§ **Instructions for the task**: Restate all data exactly. No images.

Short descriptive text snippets
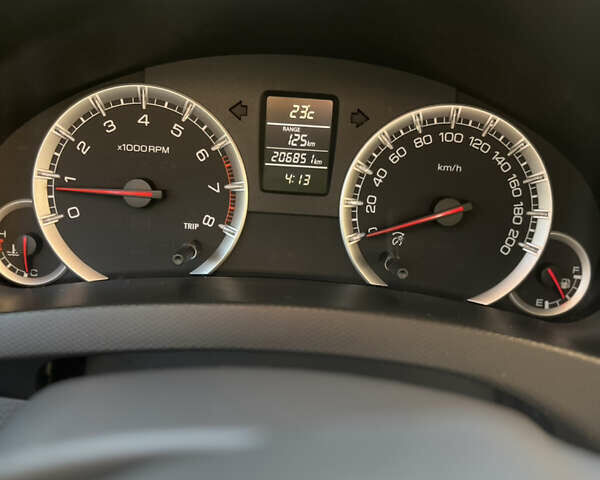 Красный Сузуки Свифт, объемом двигателя 1.24 л и пробегом 204 тыс. км за 5500 $, фото 16 на Automoto.ua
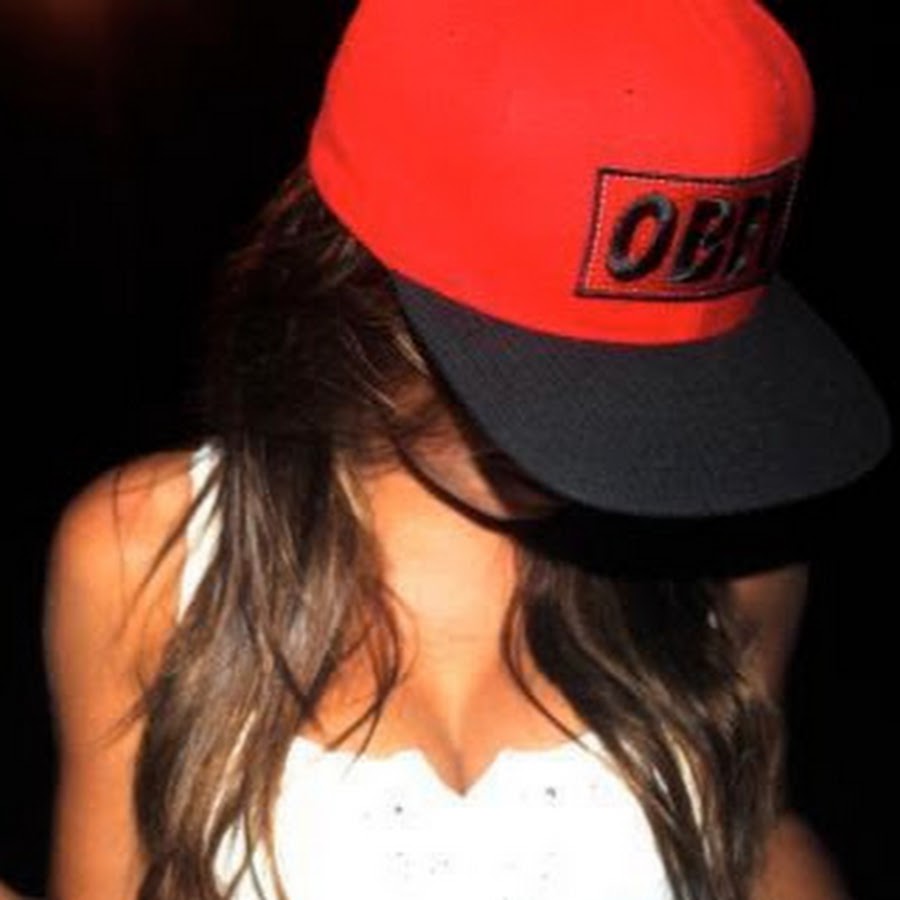 Картинки девушка в кепке без лица на аву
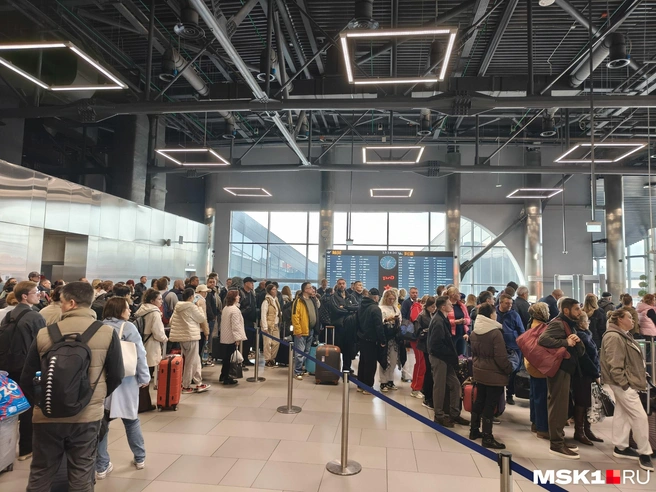 Что происходит в аэропортах Москвы, где люди десятки часов ждут ...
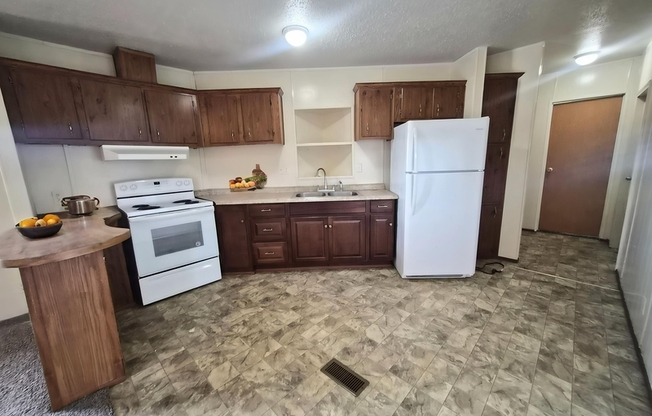775 STEELE RD
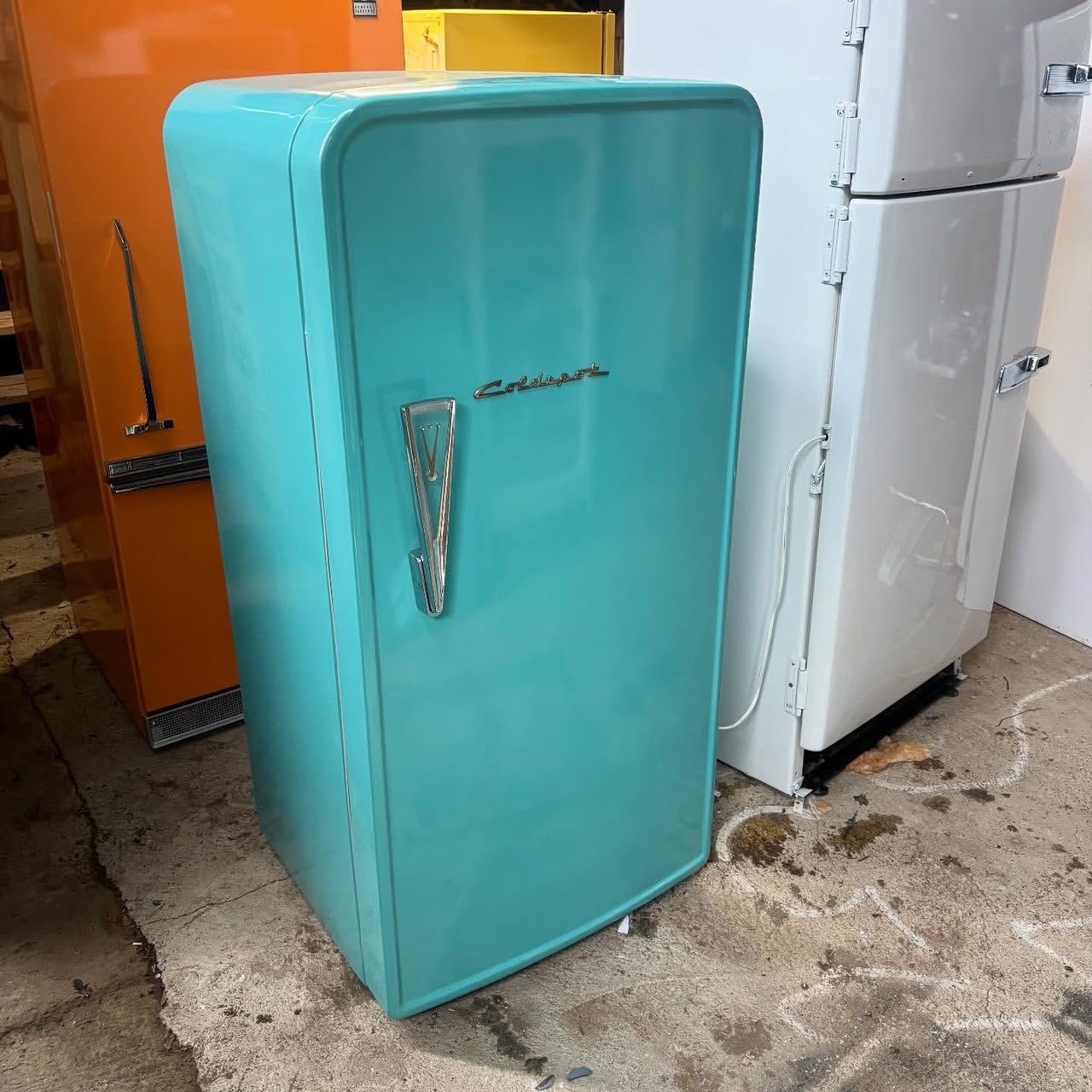 1950s Coldspot Refrigerator with V-Handle, Turquoise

§ **Solution to this task**:
 Красный Сузуки Свифт, объемом двигателя 1.24 л и пробегом 204 тыс. км за 5500 $, фото 16 на Automoto.ua
 Картинки девушка в кепке без лица на аву
 Что происходит в аэропортах Москвы, где люди десятки часов ждут ...
775 STEELE RD
 1950s Coldspot Refrigerator with V-Handle, Turquoise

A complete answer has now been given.